Task item >> Without including the pictures, copy out every line below.

(Items from a data source)
+ + +

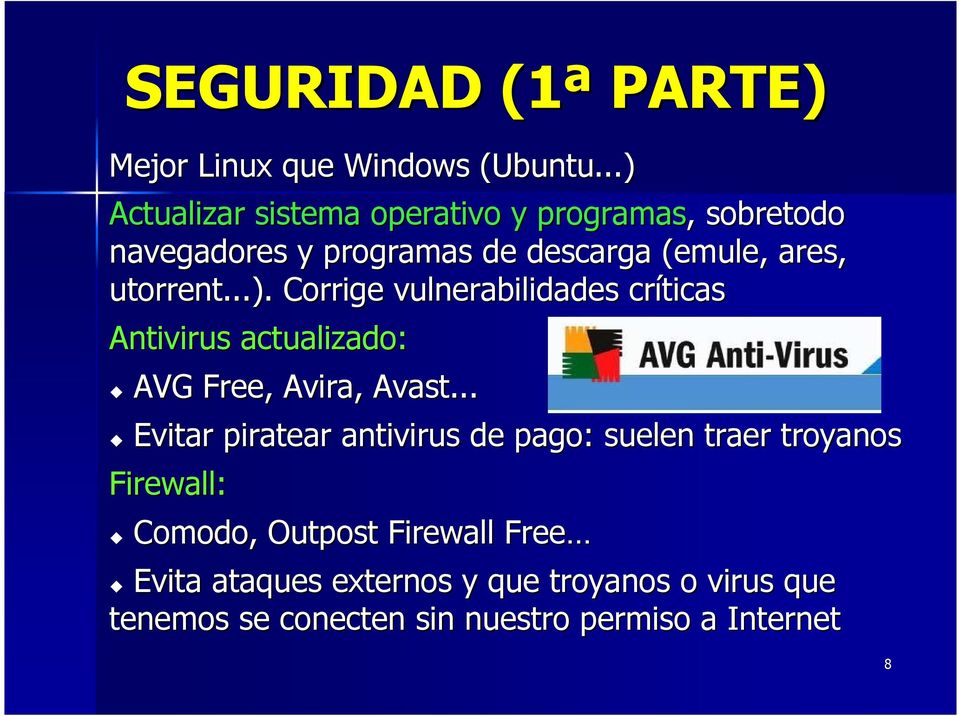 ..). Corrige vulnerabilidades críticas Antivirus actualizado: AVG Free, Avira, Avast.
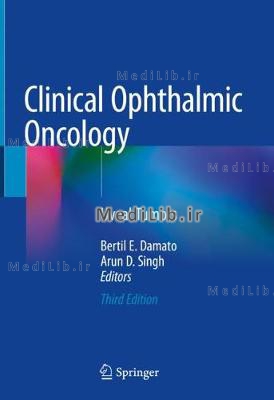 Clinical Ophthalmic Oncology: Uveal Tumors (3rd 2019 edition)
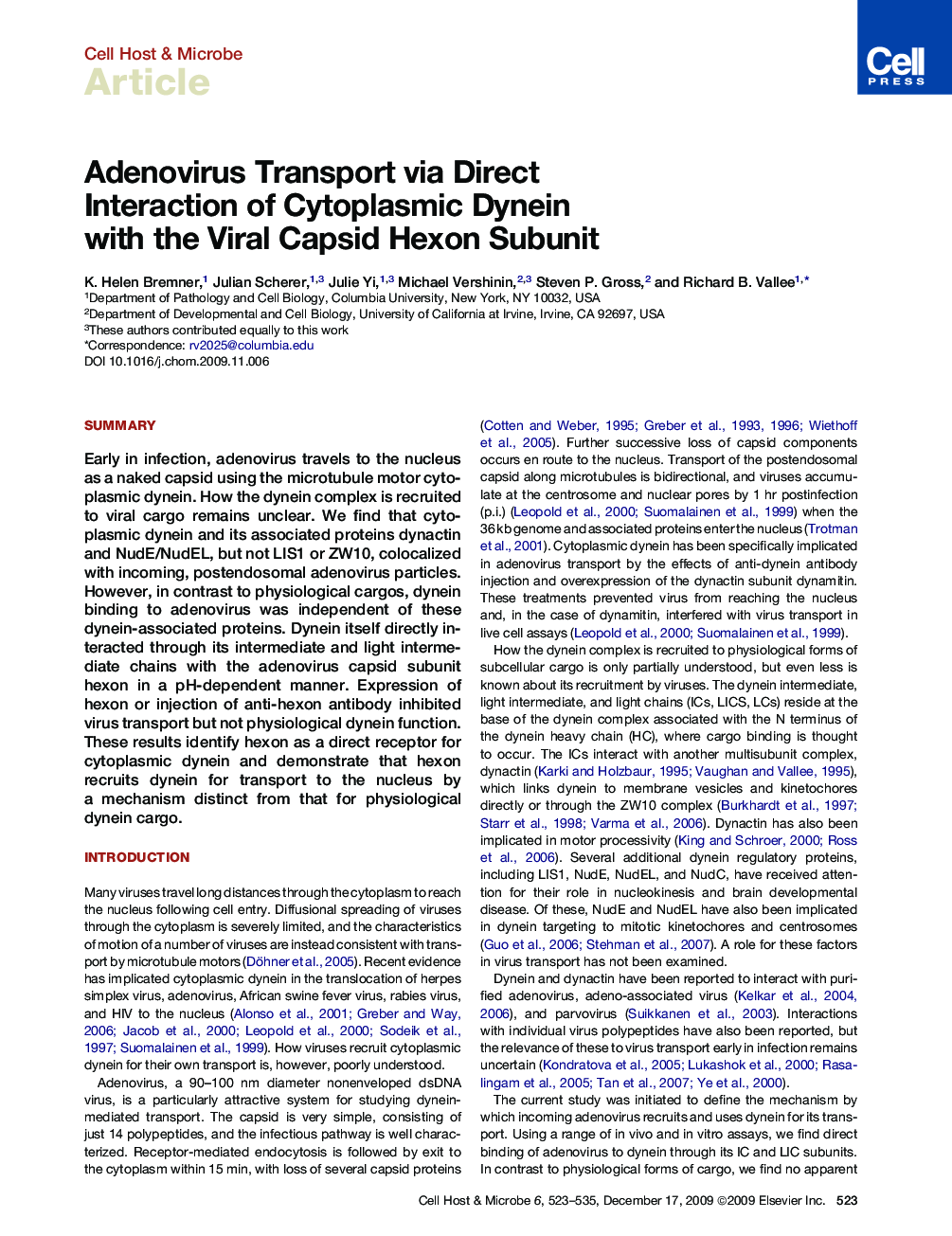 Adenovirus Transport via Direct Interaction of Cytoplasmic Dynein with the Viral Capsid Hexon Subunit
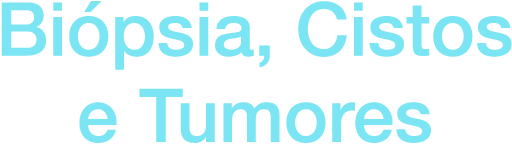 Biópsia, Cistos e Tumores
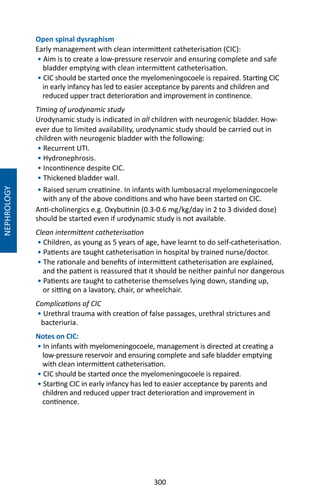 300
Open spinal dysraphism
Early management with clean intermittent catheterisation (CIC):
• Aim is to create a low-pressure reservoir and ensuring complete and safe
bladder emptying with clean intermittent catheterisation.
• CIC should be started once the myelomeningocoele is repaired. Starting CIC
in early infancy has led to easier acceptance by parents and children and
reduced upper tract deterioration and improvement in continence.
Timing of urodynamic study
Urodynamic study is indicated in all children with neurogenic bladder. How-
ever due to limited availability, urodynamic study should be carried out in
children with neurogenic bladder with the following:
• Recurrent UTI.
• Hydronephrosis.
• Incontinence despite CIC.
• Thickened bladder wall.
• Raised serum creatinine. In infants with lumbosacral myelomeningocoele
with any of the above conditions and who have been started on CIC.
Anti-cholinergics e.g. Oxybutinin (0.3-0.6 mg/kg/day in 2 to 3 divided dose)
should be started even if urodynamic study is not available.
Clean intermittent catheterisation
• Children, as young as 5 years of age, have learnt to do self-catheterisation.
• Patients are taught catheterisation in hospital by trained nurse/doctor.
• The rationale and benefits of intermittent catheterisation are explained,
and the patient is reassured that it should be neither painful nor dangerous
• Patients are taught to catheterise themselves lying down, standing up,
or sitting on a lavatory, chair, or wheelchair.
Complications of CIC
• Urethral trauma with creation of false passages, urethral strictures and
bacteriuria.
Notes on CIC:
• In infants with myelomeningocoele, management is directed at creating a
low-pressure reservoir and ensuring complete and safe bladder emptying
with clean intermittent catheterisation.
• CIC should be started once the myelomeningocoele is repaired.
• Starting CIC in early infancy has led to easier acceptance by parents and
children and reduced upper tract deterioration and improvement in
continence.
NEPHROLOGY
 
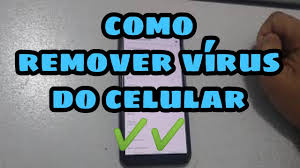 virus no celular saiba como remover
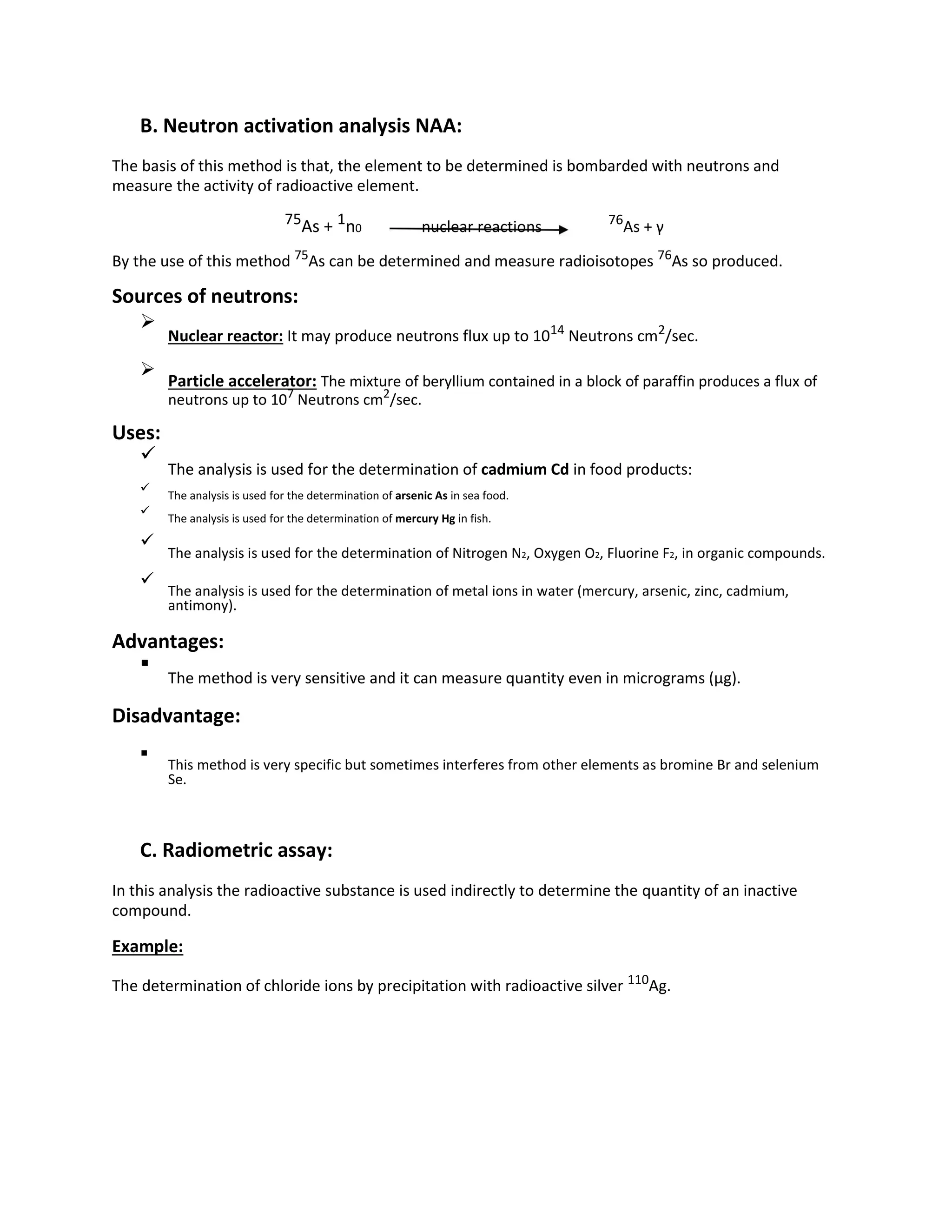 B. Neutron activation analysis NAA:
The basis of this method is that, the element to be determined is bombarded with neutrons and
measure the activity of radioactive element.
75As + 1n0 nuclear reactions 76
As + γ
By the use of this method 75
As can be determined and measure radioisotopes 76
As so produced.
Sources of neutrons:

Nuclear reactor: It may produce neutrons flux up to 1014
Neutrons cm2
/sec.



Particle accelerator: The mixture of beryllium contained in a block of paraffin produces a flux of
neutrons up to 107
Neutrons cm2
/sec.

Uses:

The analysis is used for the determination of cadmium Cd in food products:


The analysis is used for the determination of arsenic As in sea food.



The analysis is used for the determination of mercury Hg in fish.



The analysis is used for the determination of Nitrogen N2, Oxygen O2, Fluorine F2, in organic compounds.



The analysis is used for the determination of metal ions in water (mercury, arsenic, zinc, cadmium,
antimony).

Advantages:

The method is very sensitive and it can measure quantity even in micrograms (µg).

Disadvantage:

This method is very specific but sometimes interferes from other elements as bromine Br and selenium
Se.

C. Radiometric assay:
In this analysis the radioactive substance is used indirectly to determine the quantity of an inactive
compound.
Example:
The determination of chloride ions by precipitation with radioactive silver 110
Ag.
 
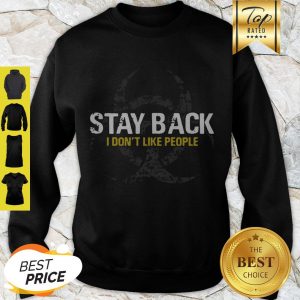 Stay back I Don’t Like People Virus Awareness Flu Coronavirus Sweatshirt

+ + +

Solution to the exercise >>
 ..). Corrige vulnerabilidades críticas Antivirus actualizado: AVG Free, Avira, Avast.
 Clinical Ophthalmic Oncology: Uveal Tumors (3rd 2019 edition)
 Adenovirus Transport via Direct Interaction of Cytoplasmic Dynein with the Viral Capsid Hexon Subunit
 Biópsia, Cistos e Tumores
 300
Open spinal dysraphism
Early management with clean intermittent catheterisation (CIC):
• Aim is to create a low-pressure reservoir and ensuring complete and safe
bladder emptying with clean intermittent catheterisation.
• CIC should be started once the myelomeningocoele is repaired. Starting CIC
in early infancy has led to easier acceptance by parents and children and
reduced upper tract deterioration and improvement in continence.
Timing of urodynamic study
Urodynamic study is indicated in all children with neurogenic bladder. How-
ever due to limited availability, urodynamic study should be carried out in
children with neurogenic bladder with the following:
• Recurrent UTI.
• Hydronephrosis.
• Incontinence despite CIC.
• Thickened bladder wall.
• Raised serum creatinine. In infants with lumbosacral myelomeningocoele
with any of the above conditions and who have been started on CIC.
Anti-cholinergics e.g. Oxybutinin (0.3-0.6 mg/kg/day in 2 to 3 divided dose)
should be started even if urodynamic study is not available.
Clean intermittent catheterisation
• Children, as young as 5 years of age, have learnt to do self-catheterisation.
• Patients are taught catheterisation in hospital by trained nurse/doctor.
• The rationale and benefits of intermittent catheterisation are explained,
and the patient is reassured that it should be neither painful nor dangerous
• Patients are taught to catheterise themselves lying down, standing up,
or sitting on a lavatory, chair, or wheelchair.
Complications of CIC
• Urethral trauma with creation of false passages, urethral strictures and
bacteriuria.
Notes on CIC:
• In infants with myelomeningocoele, management is directed at creating a
low-pressure reservoir and ensuring complete and safe bladder emptying
with clean intermittent catheterisation.
• CIC should be started once the myelomeningocoele is repaired.
• Starting CIC in early infancy has led to easier acceptance by parents and
children and reduced upper tract deterioration and improvement in
continence.
NEPHROLOGY
 
 virus no celular saiba como remover
 B. Neutron activation analysis NAA:
The basis of this method is that, the element to be determined is bombarded with neutrons and
measure the activity of radioactive element.
75As + 1n0 nuclear reactions 76
As + γ
By the use of this method 75
As can be determined and measure radioisotopes 76
As so produced.
Sources of neutrons:

Nuclear reactor: It may produce neutrons flux up to 1014
Neutrons cm2
/sec.



Particle accelerator: The mixture of beryllium contained in a block of paraffin produces a flux of
neutrons up to 107
Neutrons cm2
/sec.

Uses:

The analysis is used for the determination of cadmium Cd in food products:


The analysis is used for the determination of arsenic As in sea food.



The analysis is used for the determination of mercury Hg in fish.



The analysis is used for the determination of Nitrogen N2, Oxygen O2, Fluorine F2, in organic compounds.



The analysis is used for the determination of metal ions in water (mercury, arsenic, zinc, cadmium,
antimony).

Advantages:

The method is very sensitive and it can measure quantity even in micrograms (µg).

Disadvantage:

This method is very specific but sometimes interferes from other elements as bromine Br and selenium
Se.

C. Radiometric assay:
In this analysis the radioactive substance is used indirectly to determine the quantity of an inactive
compound.
Example:
The determination of chloride ions by precipitation with radioactive silver 110
Ag.
 
 Stay back I Don’t Like People Virus Awareness Flu Coronavirus Sweatshirt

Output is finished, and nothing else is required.